Photo by Vice Cooler

THE FIRST TIME
Jutta Koether and I met, she was an editor and writer at
Spex
magazine. She was interviewing Thurston and me during our European tour for
Daydream Nation
and seemed confounded by the fact that Sonic Youth, known as a sort of punk rock band, would use the Gerhard Richter candle image for our album cover. In Germany, Gerhard was and is their biggest contemporary artist, but it felt to Jutta as though we'd made a banal, status-quo-oriented artistic decision. After weeks of doing interviews where for the most part journalists asked the same three or four questions, it was great having someone challenge us. To me, Gerhard's cover was an aesthetic Trojan
horse decision—disguising subversion under a benign exterior, just as the Reagan eighties concealed torment and volatility.

Jutta and I became friends. A day after she'd moved to New York, I bumped into her as she was walking down St. Mark's Place, and the two of us started hanging out. She was practicing art but also doing music and art performances.

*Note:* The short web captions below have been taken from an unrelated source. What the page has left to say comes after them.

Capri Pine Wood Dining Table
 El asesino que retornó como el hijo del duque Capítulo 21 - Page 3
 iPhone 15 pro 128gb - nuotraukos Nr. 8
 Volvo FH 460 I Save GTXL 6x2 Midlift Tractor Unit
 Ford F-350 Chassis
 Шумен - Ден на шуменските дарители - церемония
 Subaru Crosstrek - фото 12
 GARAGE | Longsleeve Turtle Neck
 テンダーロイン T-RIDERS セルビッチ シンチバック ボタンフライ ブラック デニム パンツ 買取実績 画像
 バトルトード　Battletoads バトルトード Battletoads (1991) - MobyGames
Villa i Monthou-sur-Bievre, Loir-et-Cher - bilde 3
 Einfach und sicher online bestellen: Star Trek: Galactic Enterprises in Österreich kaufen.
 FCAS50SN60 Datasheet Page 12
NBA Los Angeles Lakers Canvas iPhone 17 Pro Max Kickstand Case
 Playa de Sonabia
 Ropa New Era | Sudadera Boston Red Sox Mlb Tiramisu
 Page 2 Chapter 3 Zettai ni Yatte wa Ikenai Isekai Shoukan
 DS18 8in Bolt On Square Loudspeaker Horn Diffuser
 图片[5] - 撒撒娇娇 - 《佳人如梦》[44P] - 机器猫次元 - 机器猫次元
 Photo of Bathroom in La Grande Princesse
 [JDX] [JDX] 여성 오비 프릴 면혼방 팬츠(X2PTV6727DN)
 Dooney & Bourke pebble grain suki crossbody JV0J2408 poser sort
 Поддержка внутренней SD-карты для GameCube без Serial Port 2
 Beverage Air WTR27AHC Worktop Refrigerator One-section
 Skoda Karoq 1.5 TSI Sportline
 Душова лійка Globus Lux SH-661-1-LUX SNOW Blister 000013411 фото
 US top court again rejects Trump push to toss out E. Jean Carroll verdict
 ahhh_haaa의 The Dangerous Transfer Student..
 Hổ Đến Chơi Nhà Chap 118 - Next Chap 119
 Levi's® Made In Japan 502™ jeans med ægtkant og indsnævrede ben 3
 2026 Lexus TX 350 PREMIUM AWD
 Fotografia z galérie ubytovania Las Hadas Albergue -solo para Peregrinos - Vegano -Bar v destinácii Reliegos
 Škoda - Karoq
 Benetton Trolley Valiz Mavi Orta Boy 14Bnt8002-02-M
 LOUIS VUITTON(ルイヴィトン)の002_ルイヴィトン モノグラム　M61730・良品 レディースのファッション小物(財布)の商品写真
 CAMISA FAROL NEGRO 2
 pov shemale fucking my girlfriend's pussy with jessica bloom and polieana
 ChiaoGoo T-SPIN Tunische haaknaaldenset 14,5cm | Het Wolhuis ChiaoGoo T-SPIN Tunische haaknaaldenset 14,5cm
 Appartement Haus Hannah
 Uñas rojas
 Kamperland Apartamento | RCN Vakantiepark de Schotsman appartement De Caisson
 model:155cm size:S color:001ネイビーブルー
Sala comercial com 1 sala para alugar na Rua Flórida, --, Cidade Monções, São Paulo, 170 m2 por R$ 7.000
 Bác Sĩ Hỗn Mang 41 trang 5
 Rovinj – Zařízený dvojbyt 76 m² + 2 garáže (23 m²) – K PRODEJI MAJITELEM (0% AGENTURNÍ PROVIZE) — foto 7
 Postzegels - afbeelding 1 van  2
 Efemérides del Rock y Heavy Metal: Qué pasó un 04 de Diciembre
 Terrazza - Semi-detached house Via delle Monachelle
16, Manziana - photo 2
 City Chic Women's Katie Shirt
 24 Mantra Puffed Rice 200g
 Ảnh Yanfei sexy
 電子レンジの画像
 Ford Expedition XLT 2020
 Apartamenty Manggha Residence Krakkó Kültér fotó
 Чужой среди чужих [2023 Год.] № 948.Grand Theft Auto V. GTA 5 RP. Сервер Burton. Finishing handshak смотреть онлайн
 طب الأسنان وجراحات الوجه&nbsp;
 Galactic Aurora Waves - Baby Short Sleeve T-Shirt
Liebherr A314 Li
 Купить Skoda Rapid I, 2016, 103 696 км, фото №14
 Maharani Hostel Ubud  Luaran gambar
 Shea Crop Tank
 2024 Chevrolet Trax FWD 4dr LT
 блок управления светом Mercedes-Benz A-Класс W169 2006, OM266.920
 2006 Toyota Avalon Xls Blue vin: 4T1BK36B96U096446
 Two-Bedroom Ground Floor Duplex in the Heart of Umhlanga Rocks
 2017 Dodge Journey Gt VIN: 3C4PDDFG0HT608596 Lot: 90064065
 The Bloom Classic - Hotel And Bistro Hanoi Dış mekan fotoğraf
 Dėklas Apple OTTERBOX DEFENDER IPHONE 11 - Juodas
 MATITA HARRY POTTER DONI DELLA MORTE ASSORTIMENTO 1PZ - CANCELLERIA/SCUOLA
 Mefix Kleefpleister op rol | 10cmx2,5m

Over the years Jutta and I began what would become a series of collaborative installations and performances. The first was called
Club in the Shadow
at Kenny Schachter's gallery in the West Village, an unconventional space designed by Vito Acconci. The location was made funnier to me for being situated in an alleyway next to Richard Meier towers filled with multimillion-dollar Hudson River–facing condos owned by people like Calvin Klein and Martha Stewart.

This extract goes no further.